Course Coda
What to Actually Remember
Every module had a User Manual section. This page is all of them in one place — the practical layer on top of the neuroscience. The framework underneath everything is still the same:
The Framework
Drug → Receptor → Brain Region → Normal Function Altered → Side Effect
Tolerance Dynamics
- Euphoria tolerance fades faster than respiratory depression tolerance.
- Opioid respiratory tolerance decreases during periods of abstinence.
- Resuming opioid use requires a dose reduction to 25–50% of the previous baseline.
- Stimulant and depressant doses also require reduction following any period of cessation.
- Psychedelic tolerance resets within 1–2 weeks; subsequent equivalent doses will produce stronger effects.
Pharmacological Interactions
- Polysubstance interactions multiply shared downstream effects (e.g., respiratory depression, serotonin load).
- Depressants are present in the majority of polysubstance overdose deaths.
- Cross-tolerance occurs between depressants that share a mechanism (alcohol, benzodiazepines, barbiturates, GHB). It does not extend to opioids — they act on different receptors.
- Stimulants and depressants mutually mask physiological symptoms, increasing the likelihood of overdose via redosing.
- Combining opioids and depressants creates a high risk of severe respiratory depression.
- Combining psychedelics and lithium carries a documented risk of seizures.
- MDMA requires a 6–12 week dosing interval to allow serotonin system recovery and limit neurotoxicity risk.
Supply and Adulteration
- US street opioids should be assumed to contain fentanyl unless tested otherwise.
- Batch purity fluctuates significantly (e.g., 0.1% to 64.9% fentanyl by weight); established tolerance does not compensate for these variations.
- Naloxone reverses opioid-mediated respiratory depression but has no mechanism of action against common adulterants like xylazine or medetomidine.
- Persistent respiratory depression after naloxone administration requires emergency medical evaluation.
Thermoregulation and Fluid Balance
- Stimulants cause vasoconstriction, impairing hypothalamic heat regulation and increasing the risk of hyperthermia (critical at 41–42°C).
- Dose stacking multiplies cardiovascular risk; symptoms such as chest pain, severe headache, or confusion indicate a need for immediate medical assessment.
- MDMA increases core temperature and systemic water retention.
- Excessive consumption of plain water on MDMA can cause hyponatremia.
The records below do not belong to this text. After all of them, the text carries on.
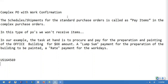So that is how we use this type of complex POs and we will pay accordingly. If we have any doubts on this type of functionality, please write to me in the comment section. I will get back to you. Thank you.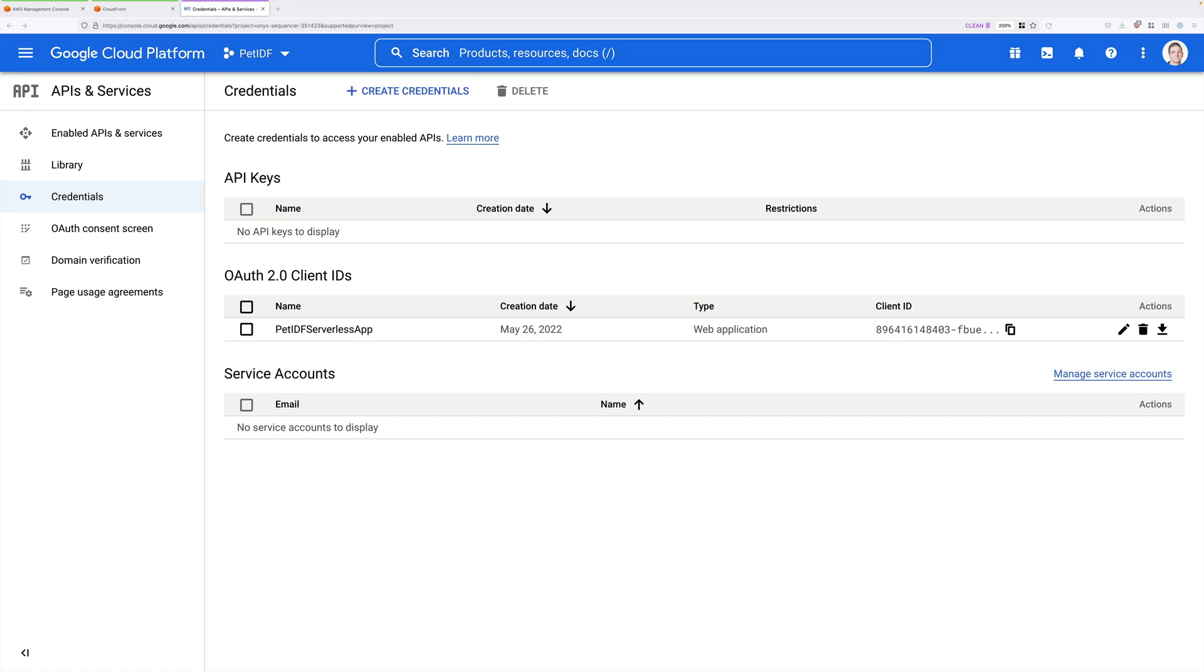That's what we're going to configure in the next stage, Stage 3 of this demo series. So go ahead and complete this video. And when you're ready, I look forward to you joining me in the next stage.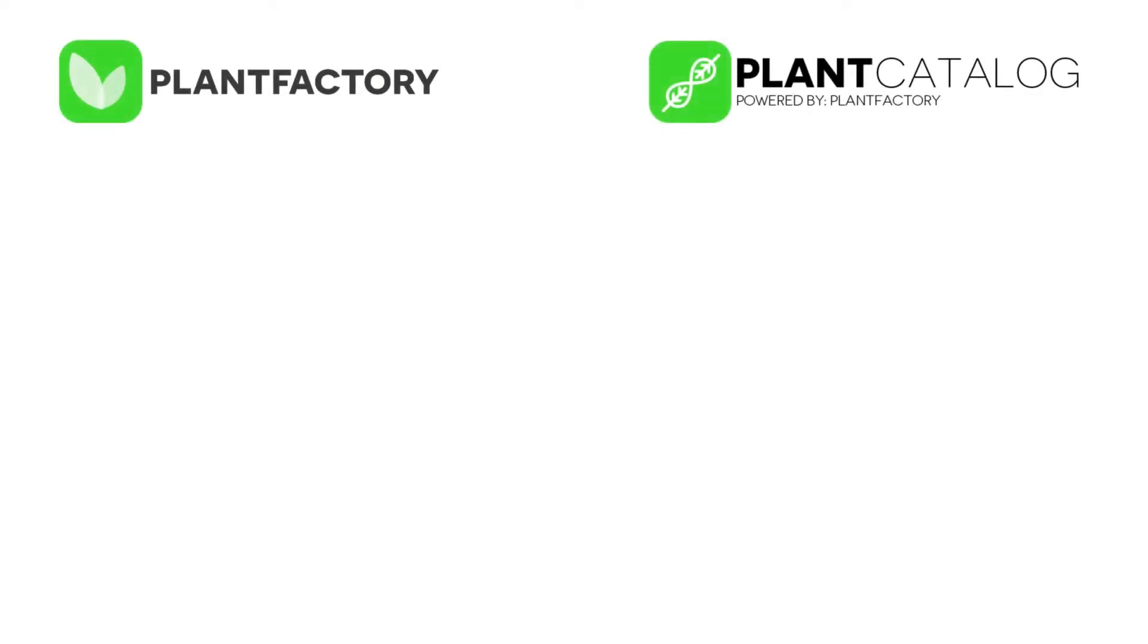Hi and welcome to this PlantFactory and Plant Catalog tutorial. With the PlantFactory integration plugin, which is included with the professional and enterprise version of PlantFactory, and with the full Plant Catalog,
Fluid intake should be limited to roughly 500 ml/hour and include electrolytes.
Depressant Withdrawal
- Abrupt cessation of depressants (alcohol, benzodiazepines, GHB, phenibut, gabapentinoids) can result in seizures, cardiovascular instability, and hyperthermia.
- Depressant withdrawal carries acute physiological risks not typically present in opioid withdrawal.
- Sustained use of depressants or psychiatric medications necessitates a medical taper to accommodate neurological adjustments.
Formulation Pharmacology
- The pharmacological profiles of plant-derived drugs do not directly translate to their isolated derivatives or concentrates.
- Transitioning from whole-plant products to concentrates shifts the dose-response curve.
- Synthetic cannabinoids act as full agonists, which can produce severe physiological and psychological effects distinct from partial agonists like natural cannabis.
Dependence Statistics
- Population-level dependence rates do not dictate individual physiological or psychological risk.
- Individual dependence probability is influenced by genetics, mental health history, administration route, age of onset, and frequency of use.
- The presence of multiple risk factors increases individual dependence probability above baseline population averages.
Every specific figure and statistic on this page is sourced in its home module — check the Sources section at the bottom of the relevant module for the original citation.
End of Course
If you made it through all of this: nice. The goal was to give you the drug mechanisms so you can reason about what's happening and make educated decisions.